The thing you have to understand about Nantes, the French city I am from, is that its unofficial motto is: “Well, I don’t see why not”.
That’s what I call it anyway. When I was growing up it seemed normal. I remember being 13 and seeing an appeal, from an arts company partly funded by the city, for grand pianos that people no longer needed. Their idea was simple: they had built a piano catapult and wanted to see what would happen if they chucked a piano from the piano catapult. Some people duly donated their unwanted instruments and I, like many others, went to watch the experiment in action.
It was very brief, very loud and great fun. They have done it several other times since then: a video can helpfully be found on YouTube. There may have been some grander purpose at play but, really, I do think they just had a silly idea and wanted to try it out.
Nantes’s eccentricities don’t stop there; a few Christmasses ago, I went home to find that Place Royale, one of our main squares, had been filled with hundreds of lifesize statues. Another time, the square featured a large ship “crashing” into the fountain. Last summer, I had a cocktail in a tiki bar, which had been installed in the parking lot in front of the airport.
How did all these things come into being? Again, it’s hard not to picture an eccentric aide walking into the mayor’s office, pitching their madcap idea, and being told that “well, I don’t see why not”. It’s a delight.
It also goes beyond charming whimsy. A few weeks ago, I walked to my grandparents’ flat on Christmas Eve. The short hop from the tramway stop usually involves crossing a small and depressing park, but this time I noticed something. Was this..? Yes, they’d put a vegetable patch in the middle of it. Of course they had.

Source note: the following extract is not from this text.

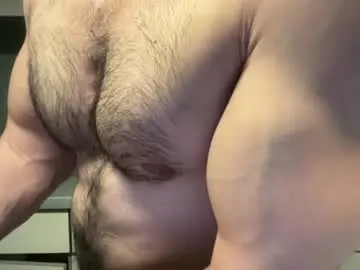 Chaturbate Private Sex Chat of musclehair3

I read the sign and went online to find more information. “Paysages nourriciers” – “nurturing landscapes” – was, it turned out, first launched in the lockdown of 2020. It now features 25 “solidaire” vegetable patches, dotted across town.

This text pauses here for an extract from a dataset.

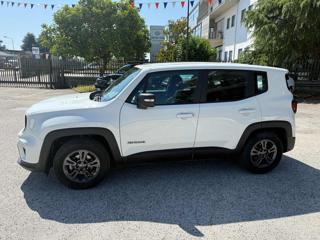 JEEP Renegade usata, con Autoradio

In 2022, the city’s gardeners and volunteers managed to produce 19 tons of vegetables, most of which they gave away for free to 1,200 families in need. The rest of the produce was used to organise what they called “papote et popote” events, where anyone could turn up, cook, then chat away with their neighbours while eating.

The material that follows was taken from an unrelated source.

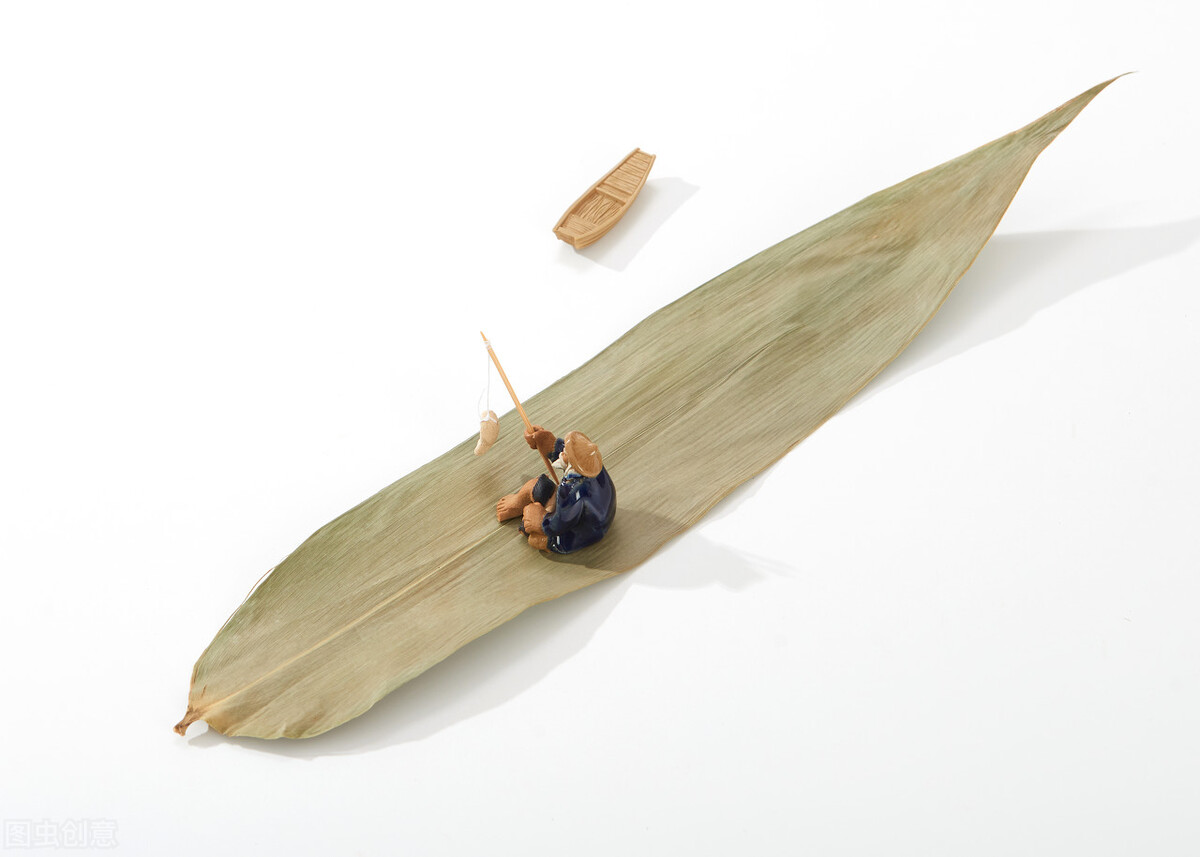 五月粽怎么包才粘,五月五粽子怎么包煮多长时间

It’s one of those projects that feels nearly too good to be true. People harmed by the cost of living crisis get free healthy food; people with too much time on their hands but no access to nature get to do some gardening and feel useful; lonely people can turn up and meet others from their area; residents across town benefit from walking past lovely vegetable patches. Somehow, everybody wins – even the people who moved out many years ago but still want to see their hometown doing well.
Still, it was a slightly bittersweet experience for me. I love London with all my heart, as I’ve written in this column countless times, but it doesn’t currently feel like a place in which something like “paysages nourriciers” could happen. Sadiq Khan has been a fundamentally decent mayor, but he just doesn’t strike me as a “well, I don’t see why not” kind of guy. If he is, he’s been hiding it well.
Then again, maybe it’s not his fault; Britain doesn’t really feel like a “well, I don’t see why not” kind of place at the moment. If anything, any attempt to make life more bearable by way of useful whimsy would probably get shot down as cosmopolitan nonsense.
Politics, especially on social media, has turned into a neverending contest to find out just how dour life ought to be. Any suggestion that everyone deserves some charm and sense of community in their life will be treated as unserious at best, and dangerously socialist at worst.
It is a depressing state of affairs, especially given the current state of the country. Heaven knows we could all do with some charm right now. I know I definitely could.
Who wants to help me grow some carrots?